Thursday, August 11, 2005

Dan Savage Rips Santorum

Rather than just supply a link, I felt compelled to reproduce Dan Savage's superb post that appears on Andrew Sullivan's blog today. (Savage is a gay man who writes an extremely frank love advice column.) Here's what he had to say:

SANTORUM VS. FREEDOM: Rick Santorum, perhaps my favorite Republican U.S. Senator, opened his fool mouth last Thursday on NPR. As Bush has moved his party away from its longtime commitment to fiscal sanity, balanced budgets, and black ink, Santorum (and the wing of the GOP he represents) has moved the GOP away from its historic position on personal freedom. Basically Santorum’s GOP is all for personal freedom—so long as you freely choose to refrain from smoking pot, pulling feeding tubes out of brain dead loves ones, and doing what you like in your own bedroom (or, in the case of Msrg. Clark, your own hotel room).

[Santorum]
This whole idea of personal autonomy, well I don't think most conservatives hold that point of view. Some do. They have this idea that people should be left alone, be able to do whatever they want to do, government should keep our taxes down and keep our regulations low, that we shouldn't get involved in the bedroom, we shouldn't get involved in cultural issues. You know, people should do whatever they want.
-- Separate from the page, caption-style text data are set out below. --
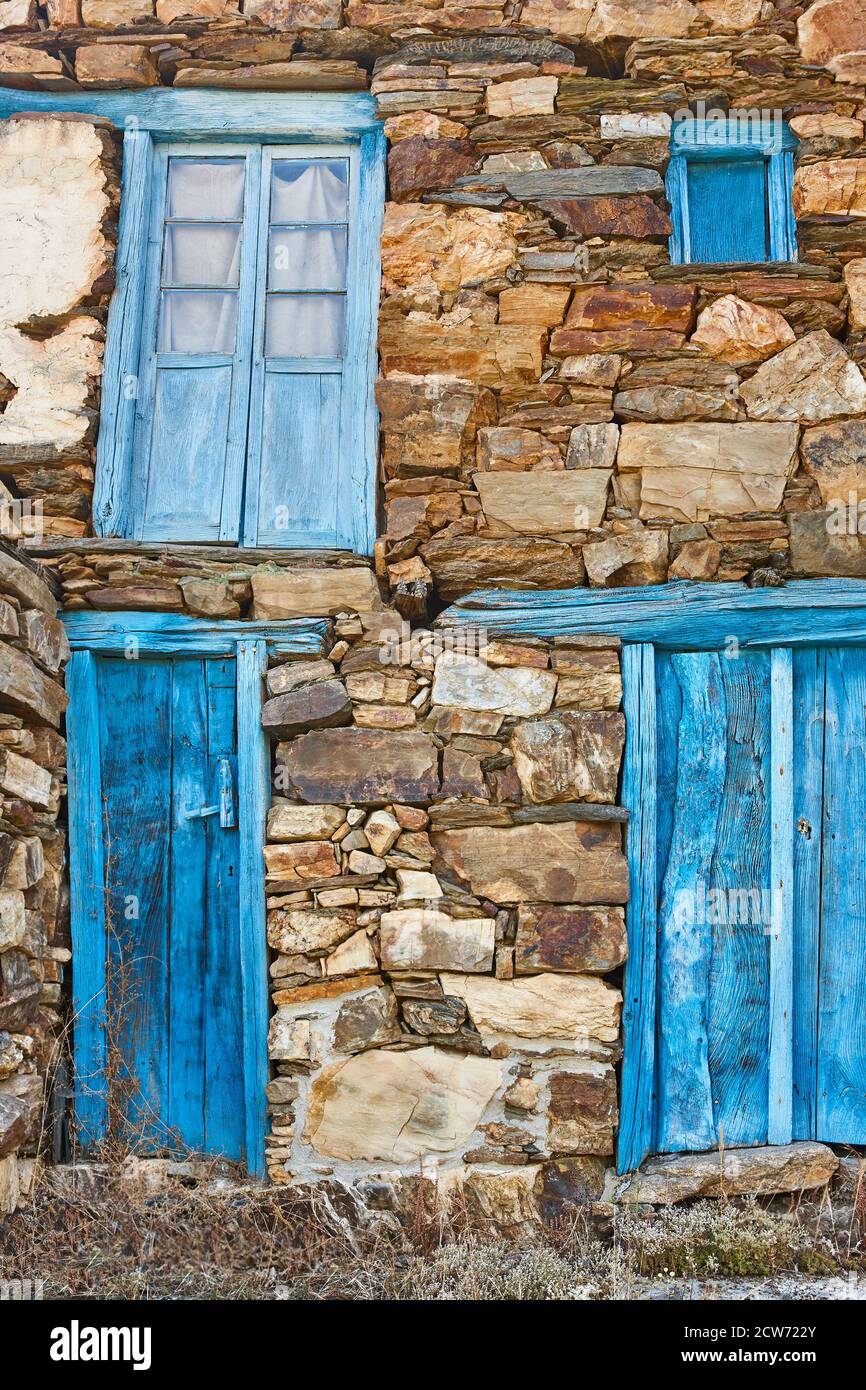 Malerisch blaue Grunge Türen und Fenster auf rustikalen Steinmauer Stockfoto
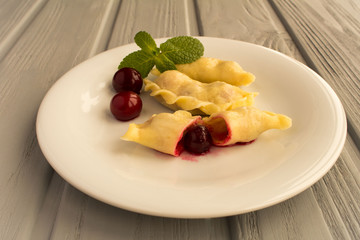 Dumplings with cherry in the white plate on the grey wooden  background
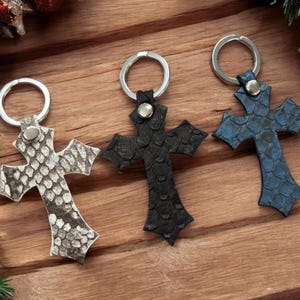 Puede incluir: Tres llaveros en forma de cruz con un patrón de piel de serpiente texturizada. Los llaveros son de color gris claro, negro sólido y azul oscuro. Cada cruz está unida a una argolla de metal plateado mediante un pequeño remache de metal.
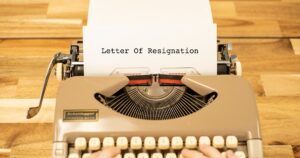 A person typing a letter of resignation on a typewriter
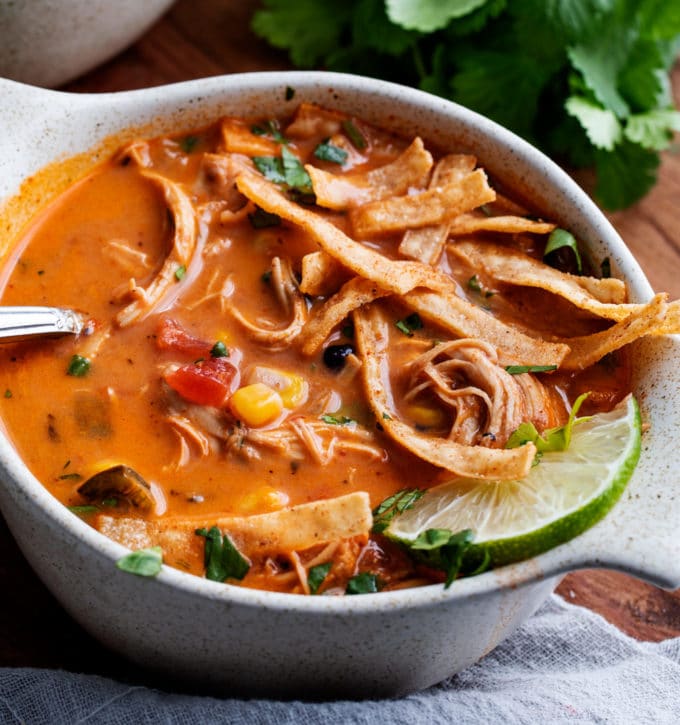 White bowl of tortilla soup with garnishes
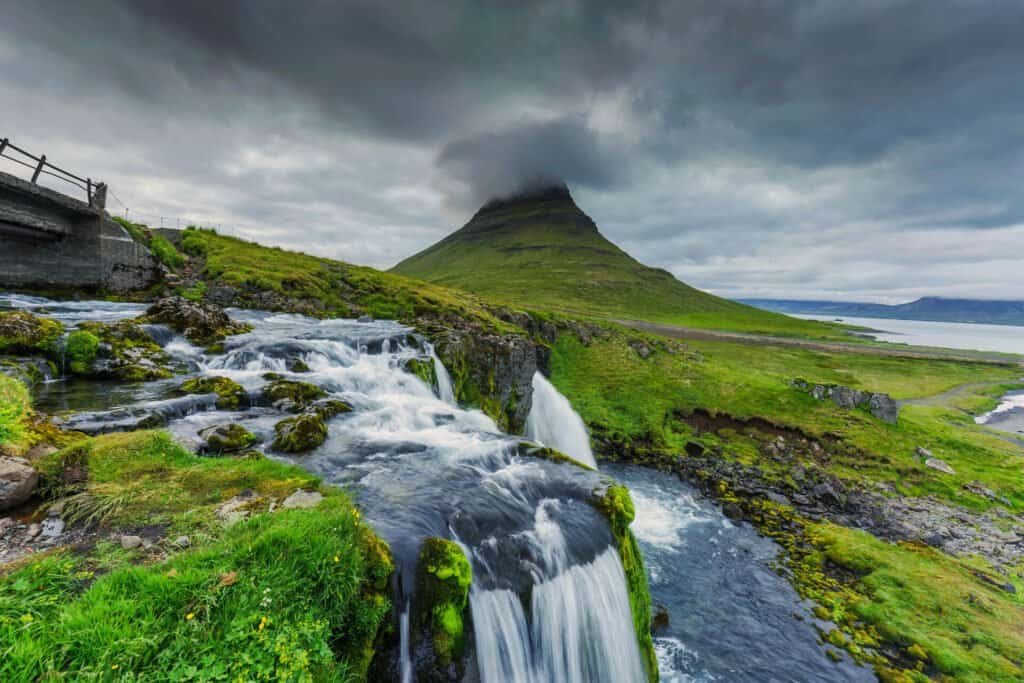 Moody clouds over Kirkjufell mountain and waterfall flowing in summer at Iceland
Listening to Santorum, I found myself wondering what part of “The right of the people to be secure in their persons, houses, papers, and effects, against unreasonable searches and seizures, shall not be violated” he doesn't understand. That’s Amendement IV in the Ye Olde Bill of Rights. Call me ka-razy, but the right to shut the door to your bedroom and not have to worry about a sanctimonious, hypocritical, creepily fey U.S. Senator sneaking in and lifting back your blankets seems implicit.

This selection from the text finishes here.